REQUIRED ACTION -
Look through the listing below for the line containing "Plus Men's Brown". Copy it and each line after it up to and including the line containing "Green Satin Print Premium Shirt", exactly, leaving out pictures.

SOURCE INFORMATION -
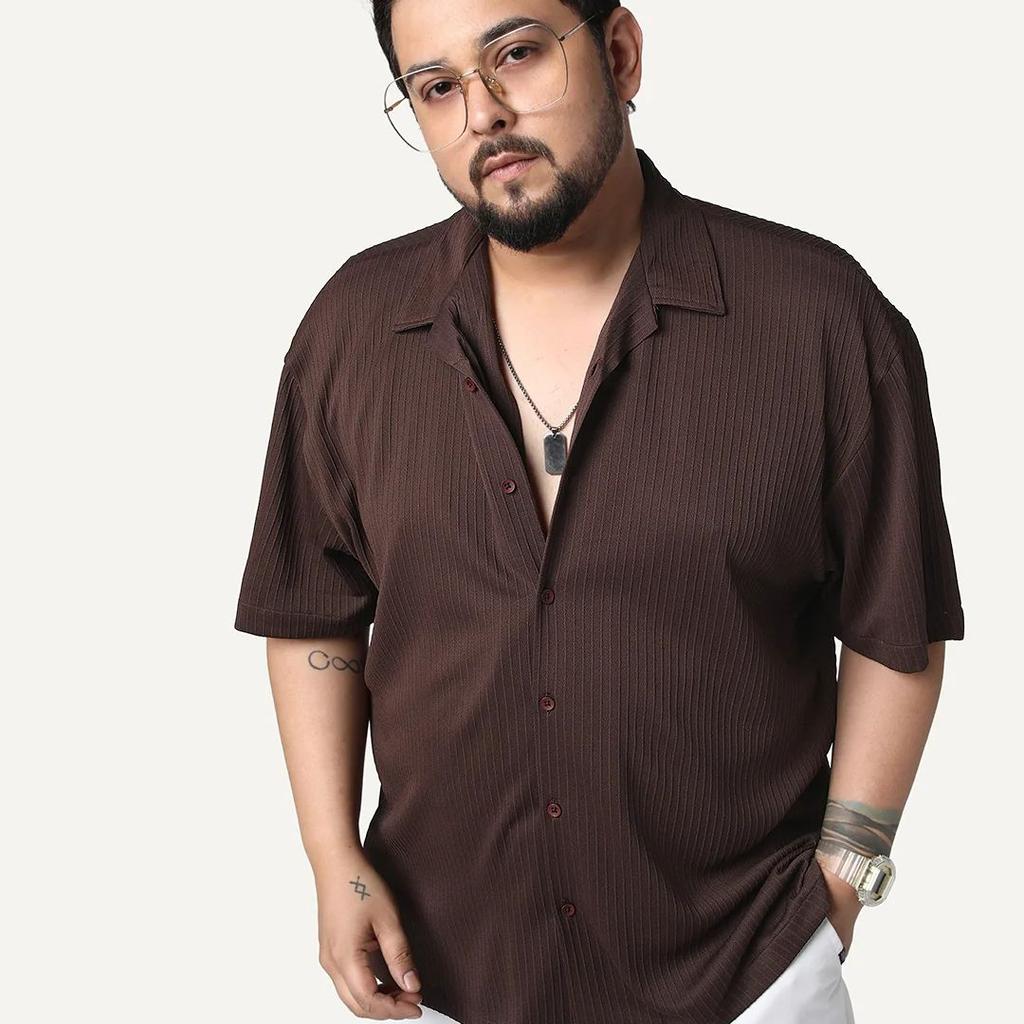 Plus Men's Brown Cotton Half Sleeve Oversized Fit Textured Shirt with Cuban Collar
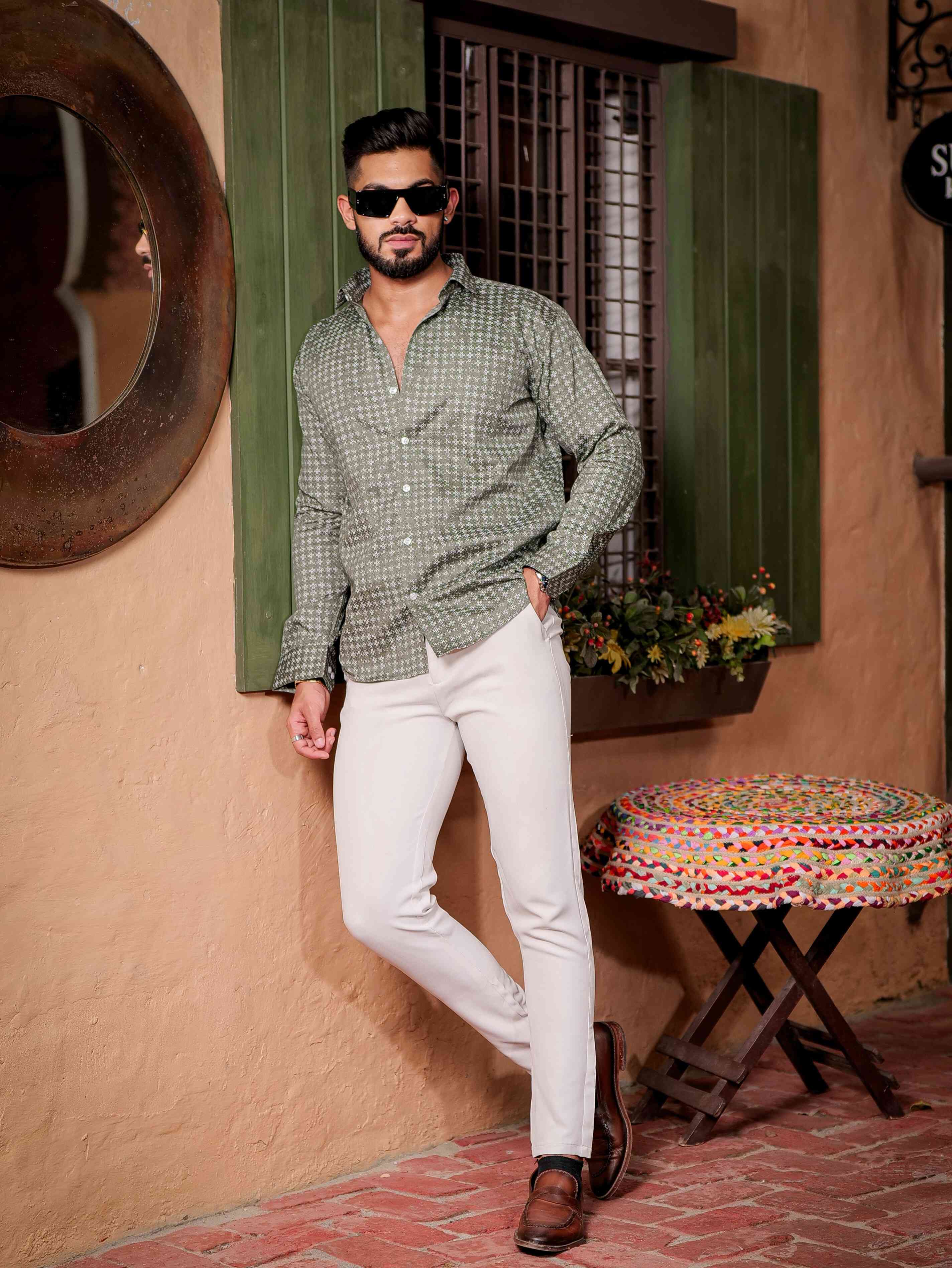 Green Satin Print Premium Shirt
--
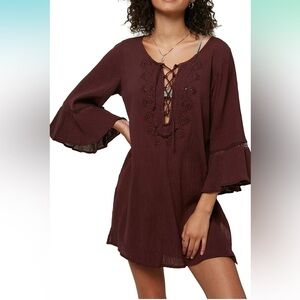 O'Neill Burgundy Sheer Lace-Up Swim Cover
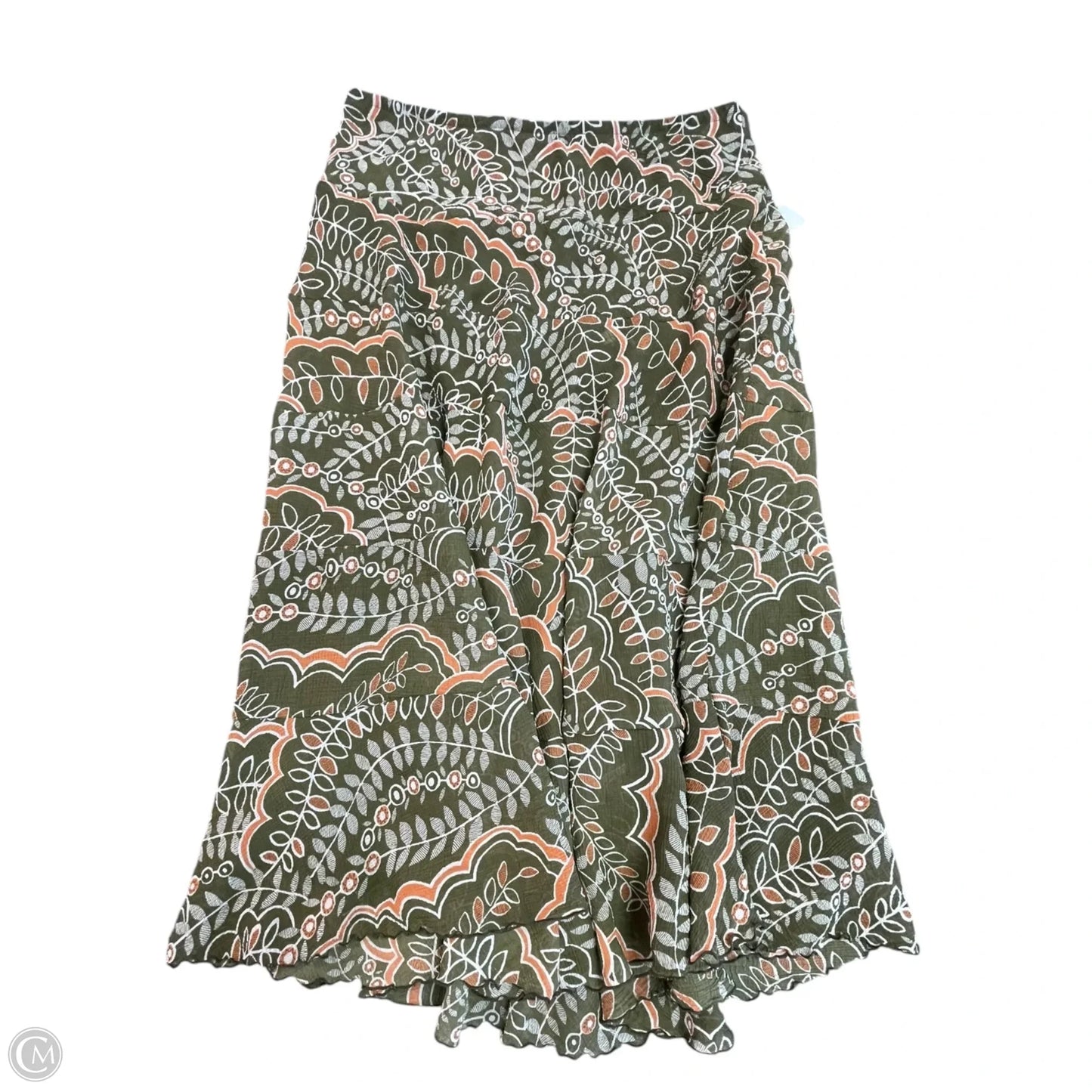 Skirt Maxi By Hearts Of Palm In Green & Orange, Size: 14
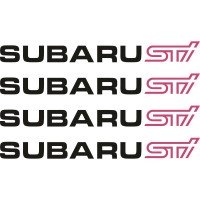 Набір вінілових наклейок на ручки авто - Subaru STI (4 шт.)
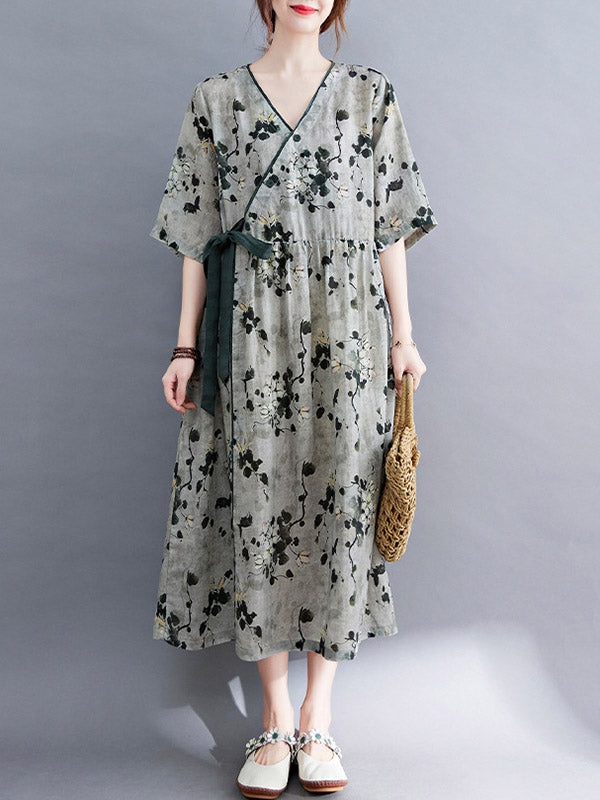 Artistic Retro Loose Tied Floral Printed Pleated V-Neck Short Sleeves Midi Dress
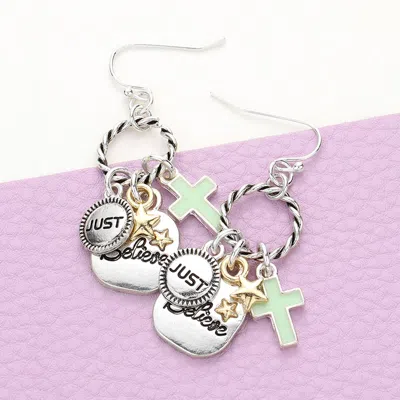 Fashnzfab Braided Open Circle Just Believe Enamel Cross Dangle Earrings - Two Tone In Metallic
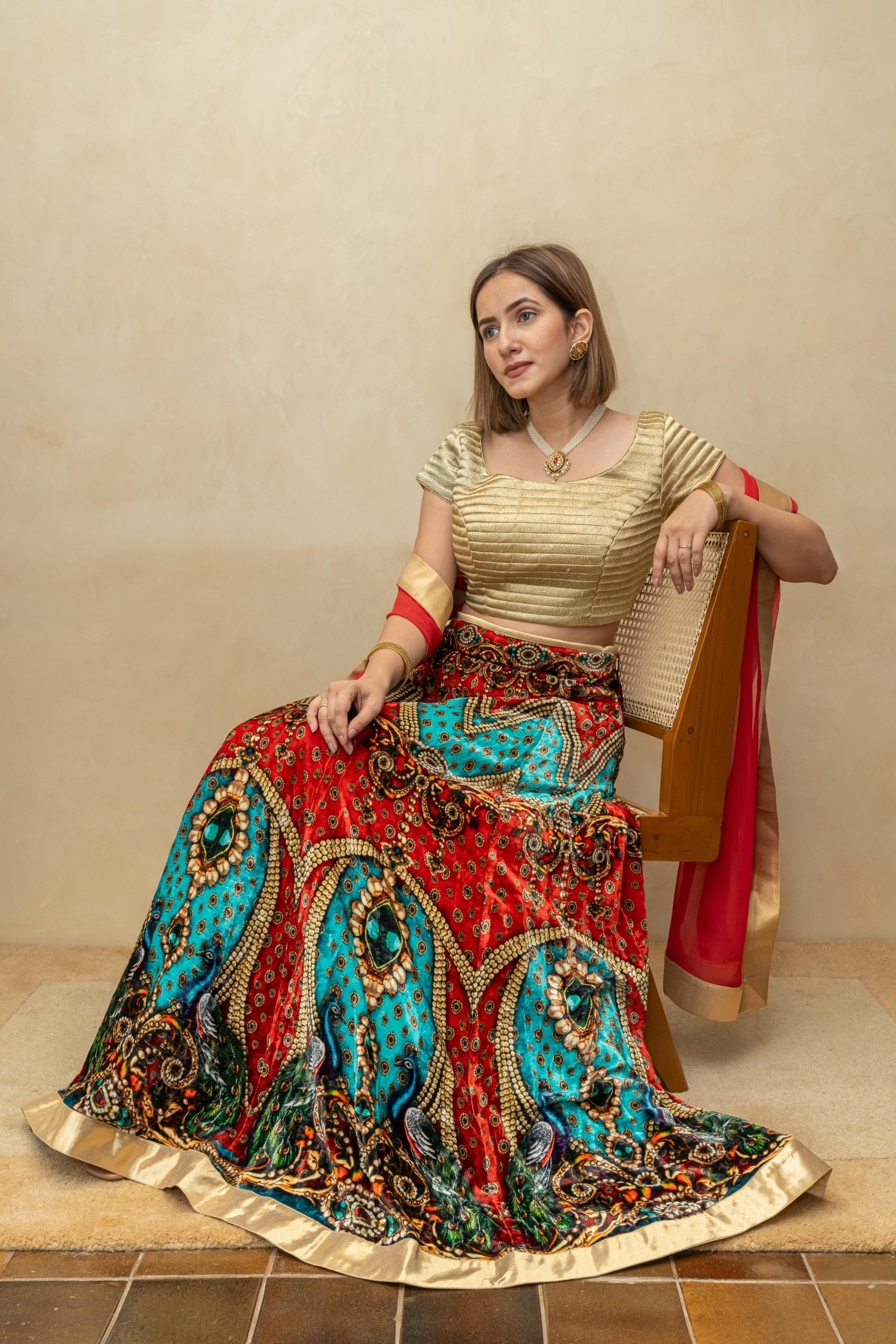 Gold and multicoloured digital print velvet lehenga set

EXERCISE ANSWER -
 Plus Men's Brown Cotton Half Sleeve Oversized Fit Textured Shirt with Cuban Collar
 Green Satin Print Premium Shirt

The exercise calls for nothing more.